Question

How would pH and DO levels affect which organisms are collected for DNA barcoding?

Answer 1

DNA barcoding has become a fast, accurate, accessible and standardized tool for species level identification, by PCR amplification of short DNA sequences and subsequently sequencing it. The method involves collection of sample, DNA extraction, PCR amplification of a short DNA sequence from a standard part of the genome "DNA barcode", and finally sequencing and matching the sequence of the amplicon with the existing library of barcodes worked out for organisms of recognized identity. So DNA barcoding is a must-have tool for species detection and specimen identification.

Specimen collection is the first major step in this process, and probably is the determing step. Spatial and temporal factors, biotic and abiotic factors, trophic state in aquatic ecosystems, and characteristics of the organism's DNA affect the success and sensitivity of DNA barcoding. In absence of biological source, genetic material in the form of environmental DNA (eDNA) is obtained from soils, sediments, water or other environmental samples. eDNA degradation is one of the major drawbacks limiting the use of this technique and it has been demonstrated that pH and dissolved oxygen (DO) levels are among the several abiotic factors that affect eDNA stability (temperature, UV-radiation, BOD, etc.). Degradation rates of eDNA were found to be lower in alkaline conditions ( high pH), accompanied by colder temperatures and low UV-B levels. Higher degradation rates were associated with environments which favored microbial growth, for example , higher temperatures, neutral pH, and moderately high UV-B. This indicates that eDNA integrity will be more in aquatic habitats that have colder temperatures, more protection from UV-B and alkaline conditions and thus allow significant eDNA detection. This is in contrast to those areas that are warmer, sunnier, and neutral or acidic . These findings can enable better characterization of environmental conditions and more robust detection of several aquatic species with eDNA methods.

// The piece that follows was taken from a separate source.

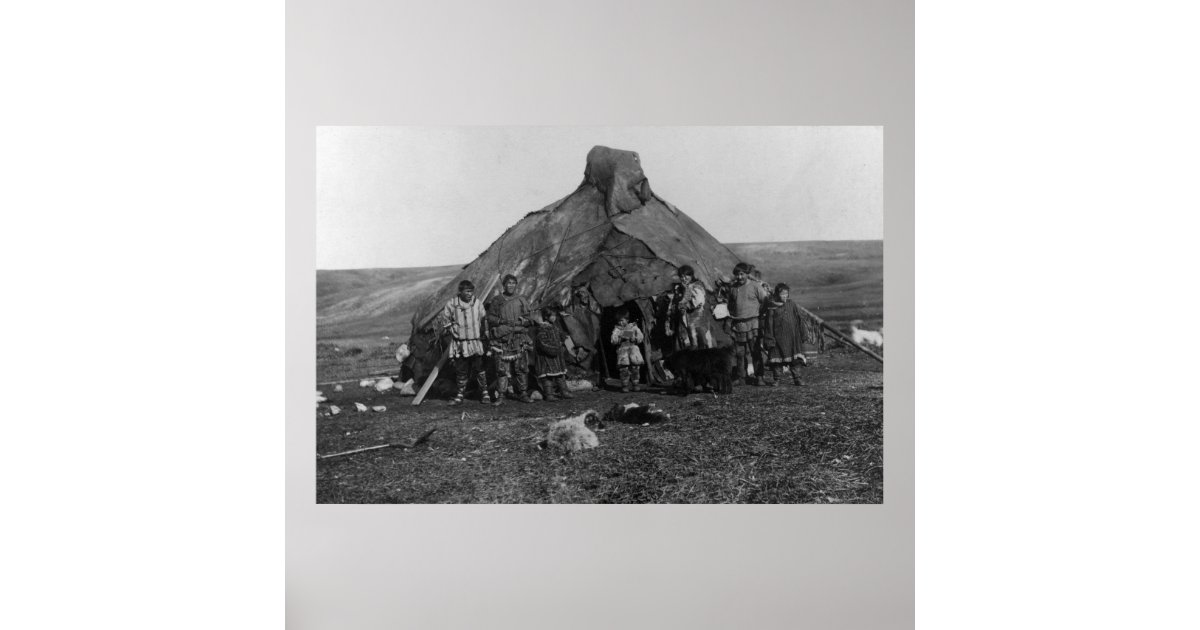 Eskimo Igloo Near Nome, Alaska Photograph Poster | Zazzle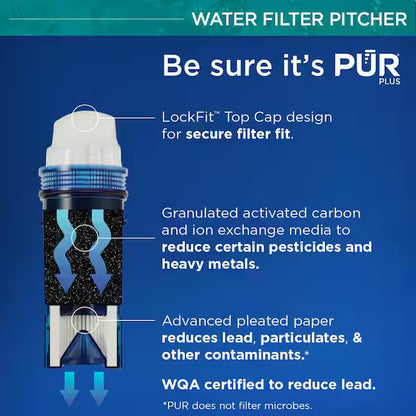 PUR PPT111W | Ultimate 11-Cup Water Filter Pitcher with LED and Lead Reduction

In a bigger perspective,  DNA barcoding has become even more significant for assessing the global biodiversity pattern. Water quality has been demonstrated to have a direct correlation with biodiversity. Good water quality is characterised by lower nitrates and phosphates, a neutral pH, and increased dissolved oxygen in the water, factors which promote biodiversity and attract organisms that are indicators of good water quality. Buffer zones in so called wetland ecosystems (like pond) can seriously affect the water quality of a wetland by reducing nitrates and phosphates and thus promote higher biodiversity. As previously stated, nitrate, pH, DO, turbidity, and phosphate levels in the water have a major impact on the water quality and on the types of life found within an aquatic ecosystem. Aquatic life is tressed by very high or low pH levels, which eventually reduce the hatching of their young. Algal growth is promoted in wetlands if there are excess nutrients, which will cause eutrophication, a condition in which the DO is depleted in the water, making it less suitable for other aquatic species who thrive on the dissolved oxygen, fishes and other invertebrates. Therefore drastic pH changes may allow collection of adult forms of aquatic life while the juvenile forms are missed. On the contrary, low DO levels will hinder collection of various species of fishes or other invertebrates.

Other reports also suggested that water stratification in sub tropical reservoirs shaped the phyogenetic composition of the microbial communities thriving in the different layers. During stratification, surface waters exhibit higher light intensities, elevated temperatures and increased dissolved oxygen concentrations in comparison to deep waters. But contrary to this, the microorganisms were more active at low temperatures and decreased dissolved oxygen concentrations characterising the deep layers. Infact, diverse bacterial species belonging to nine phyla were isolated from the various strata of water, for example Bacteroidetes bloomed at the surface water layers during summer but decreased in the low dissolved oxygen environment. Similarly Actinobacteria decrease with lower DO levels. While the warmer surface waters are re-circulated during mixing, the colder and dense waters of the deepest layers fail to participate. Moreover, deep waters remain isolated from DO inputs like the surface layers, leading to hypoxic conditions. Cyanobacteria can perform photosynthesis and fix nitrogen, in presence of light and oxygen and are therefore confined to the surface water layers.